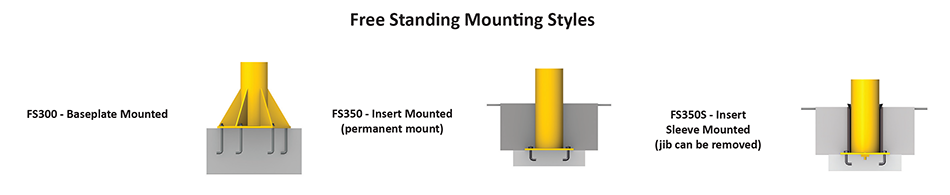 Gorbel Free Standing Mounting Styles for Cranes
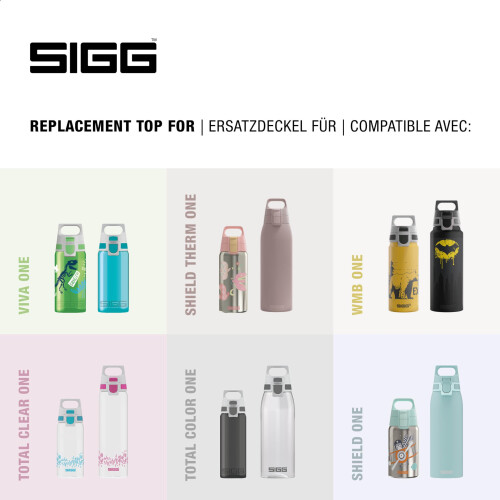 Sigg Sigg WMB ONE Top 2 Milky Blue Green (One Size), Replacement Spare 2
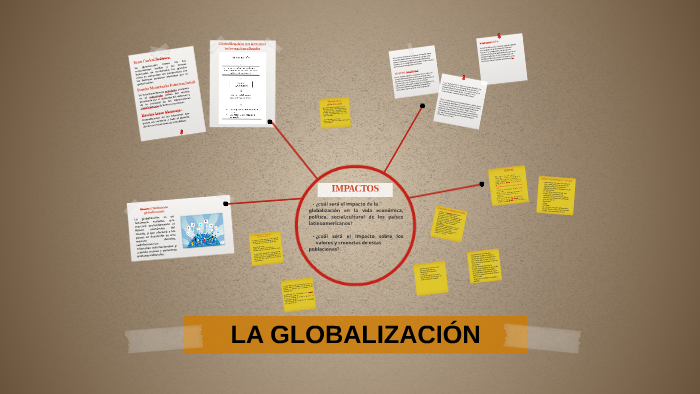 Vision y Definición globalización. by Susana Torres on Prezi Next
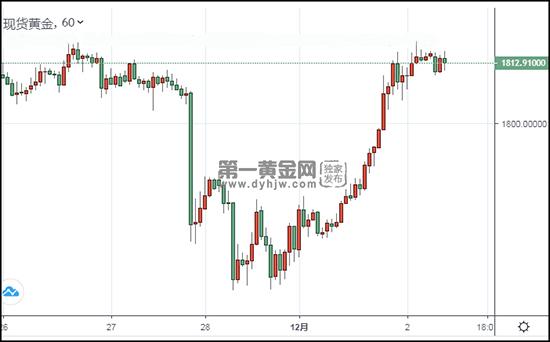 1606875132142544.jpg 现货黄金.jpg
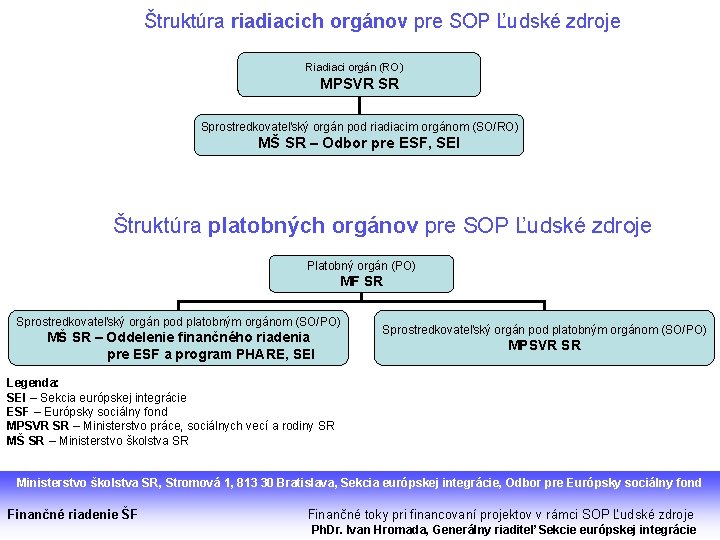 Štruktúra riadiacich orgánov pre SOP Ľudské zdroje Riadiaci orgán (RO) MPSVR SR Sprostredkovateľský orgán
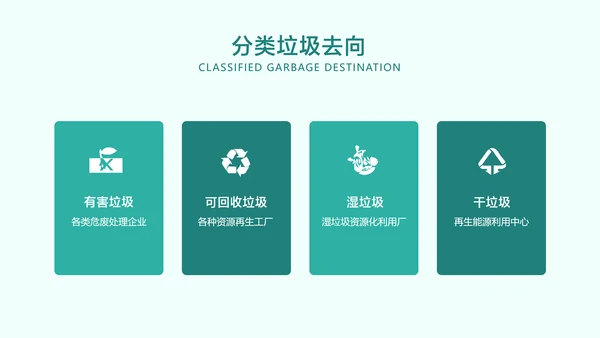 青色卡通风垃圾分类指南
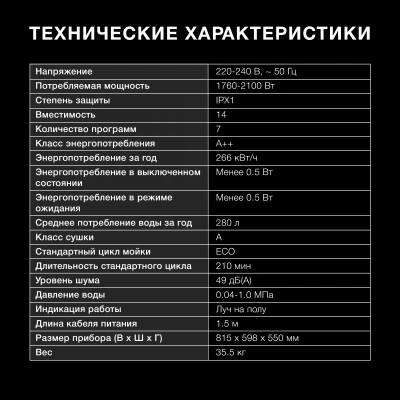 Посудомоечная машина встраив. Hyundai HBD 674 2100Вт полноразмерная серебристый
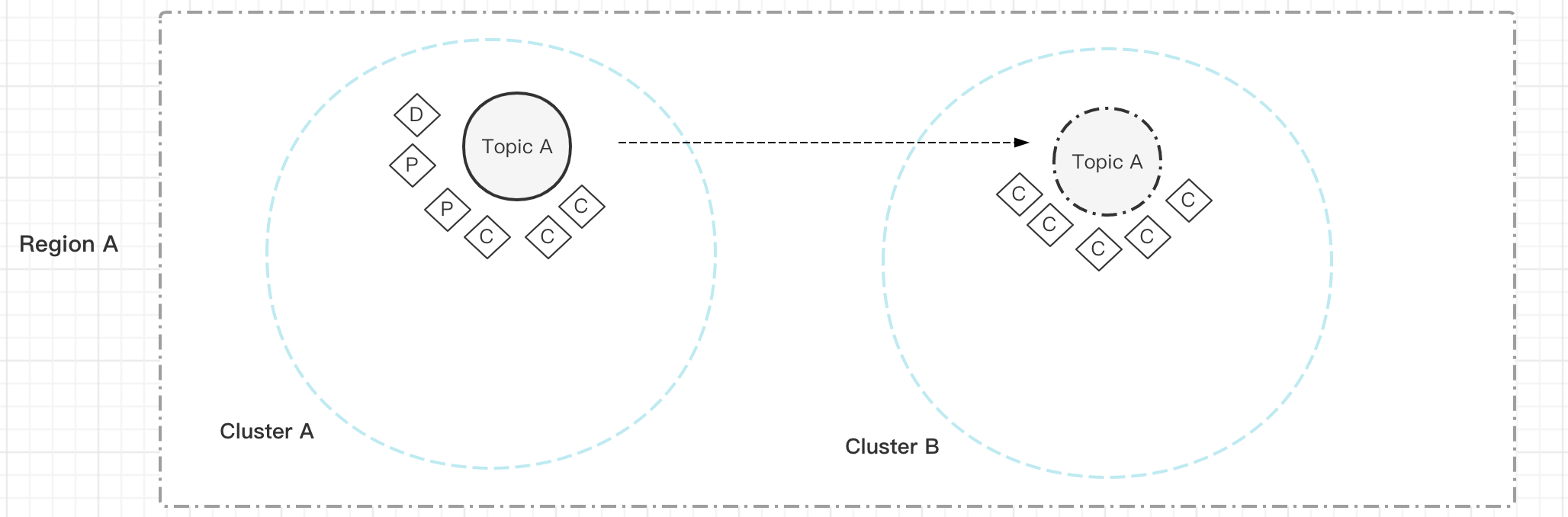 ha-replication-plus8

• • • • • • •

> **Task goal**
Return, exactly as they appear, the lines from the line containing "Štruktúra riadiacich orgánov" through the end of the records above, both ends included, without pictures.

> **Answer to this task**
 Štruktúra riadiacich orgánov pre SOP Ľudské zdroje Riadiaci orgán (RO) MPSVR SR Sprostredkovateľský orgán
 青色卡通风垃圾分类指南
 Посудомоечная машина встраив. Hyundai HBD 674 2100Вт полноразмерная серебристый
 ha-replication-plus8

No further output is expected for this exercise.